Anchorage has seen a string of hit-and-run cases

Michelle Theriault Boots

Anchorage police officers Rick Steiding and Michael Busey investigate traffic accidents that result in serious injuries and fatalities.

They say hit-and-run collisions rarely conform to patterns.

"There's absolutely no profile," said Steiding. "It's citywide. Suspects are from the entire spectrum of socioeconomics. It's literally the average person who panics, who has never been in trouble, to the person with outstanding warrants."

While the case of Geraldine Burn is the only unsolved fatal hit-and-run case open since 2004, Anchorage has seen several other high-profile collisions involving hit-and-run drivers in the past two years:

• Hubert Tunuchuk, 28, was killed on April 24, 2011, as he walked on the Tudor Road overpass above the Seward Highway. A judge in October rejected a plea deal that would have put Ashley Bashore, 19 at the time of the collision, behind bars for only a year. Prosecutors say Bashore was texting at the time she hit the Chefornak man.

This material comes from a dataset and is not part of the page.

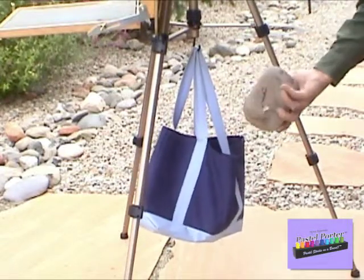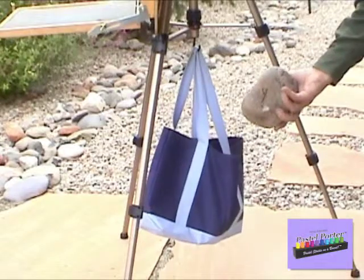Never leave your easel and pastel porter unattended, especially in windy conditions.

• Zachary Mohs, 27, was hit Sept. 20 as he walked back to his apartment near the corner of Arctic Boulevard and Tudor Road. He had one of his legs amputated above the knee and suffered other serious injuries. In October police arrested Luke M. Jerde, 20, who they say was driving the Red Pontiac Fiero that hit Mohs.

• Ashley Brotherton and Clayton Wilbanks, both 25, were hit near the downtown Anchorage Pioneers' Home as they walked home from a Spenard New Year's Eve concert in the early hours of Jan. 1, 2012. In October, an Anchorage judge sentenced Tex Daniels II, 22, to seven years in prison for driving drunk and striking the couple. He tried to flee the scene of the collision but was stopped by bystanders.

• Manevan Xiong, 19, was seriously injured in a July 2012 collision in Mountain View that tossed the young mother through the window of her car. Her infant son was uninjured in the crash. Police say Walter Campbell, 45, hit Xiong and fled the scene. An arrest warrant has been issued for him but he may have left the state.